== PROVIDED MATERIAL
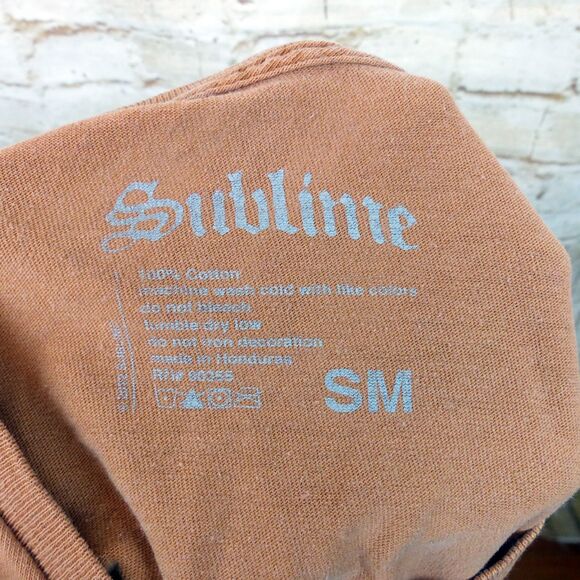 Sublime T-Shirt Men S Orange Yellow Tie Dye Sun Graphic Distressed Band Tee - Picture 9 of 9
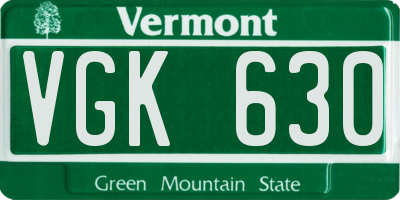 VT license plate VGK630
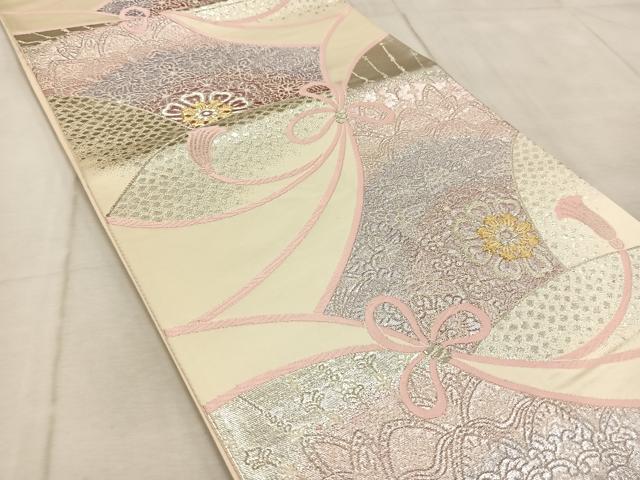 平和屋着物◎六通柄袋帯　唐織　結び紐花文　金銀糸　正絹　逸品　BAAV4732yc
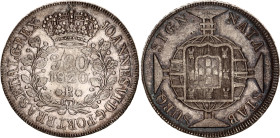 Brazil 960 Reis 1820 R Overstrike
KM# 326.1, N# 28705; Silver; João VI; Rio de Janeiro Mint; XF+ Toned
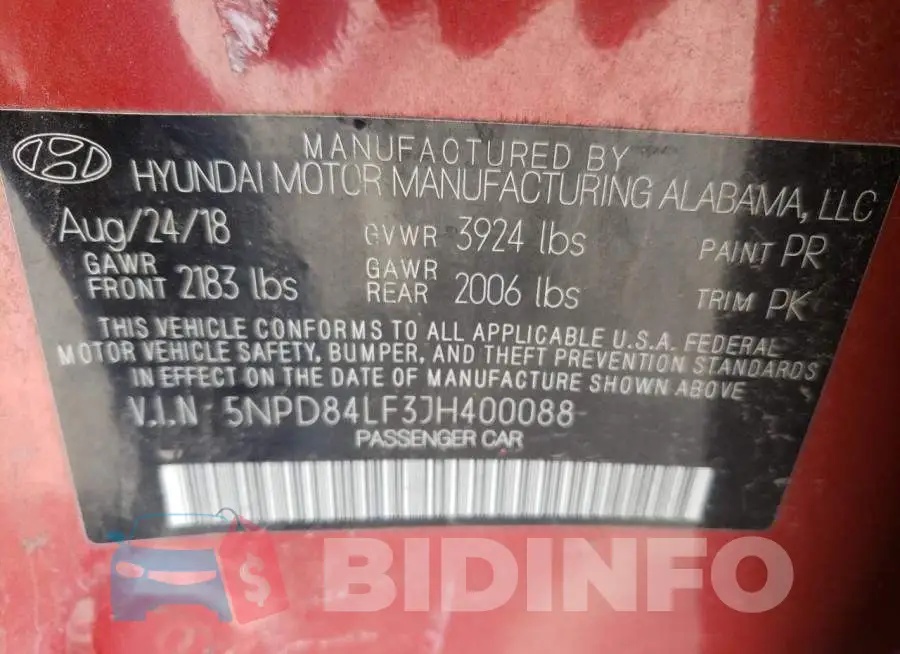 5NPD84LF3JH400088 Photo# 10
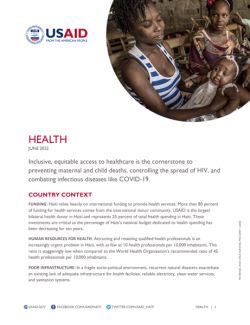 This represents the cover page of the Haiti Health fact sheet 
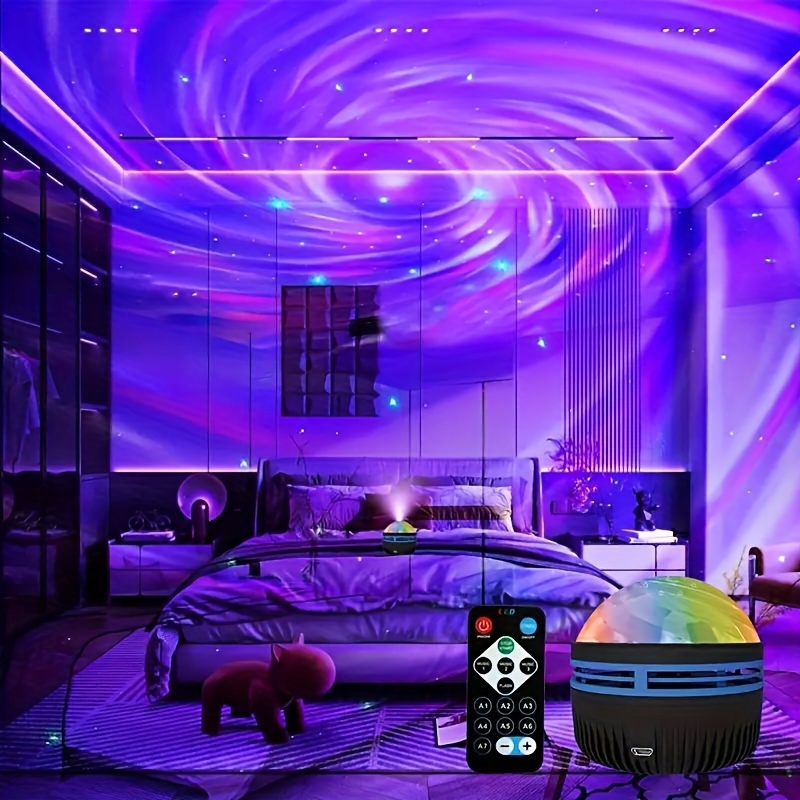LED Star Galaxy Projector Lamp With Remote Control USB Auto Rotating Magic Ball, Moon Light & Colorful Starry Sky water Ripple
====
### [REQUIREMENT]
Output exactly the lines from the first line of the records through the line containing "5NPD84LF3JH400088 Photo# 10". Leave out every picture.

### [YOUR RESPONSE]
 Sublime T-Shirt Men S Orange Yellow Tie Dye Sun Graphic Distressed Band Tee - Picture 9 of 9
 VT license plate VGK630
 平和屋着物◎六通柄袋帯　唐織　結び紐花文　金銀糸　正絹　逸品　BAAV4732yc
 Brazil 960 Reis 1820 R Overstrike
KM# 326.1, N# 28705; Silver; João VI; Rio de Janeiro Mint; XF+ Toned
 5NPD84LF3JH400088 Photo# 10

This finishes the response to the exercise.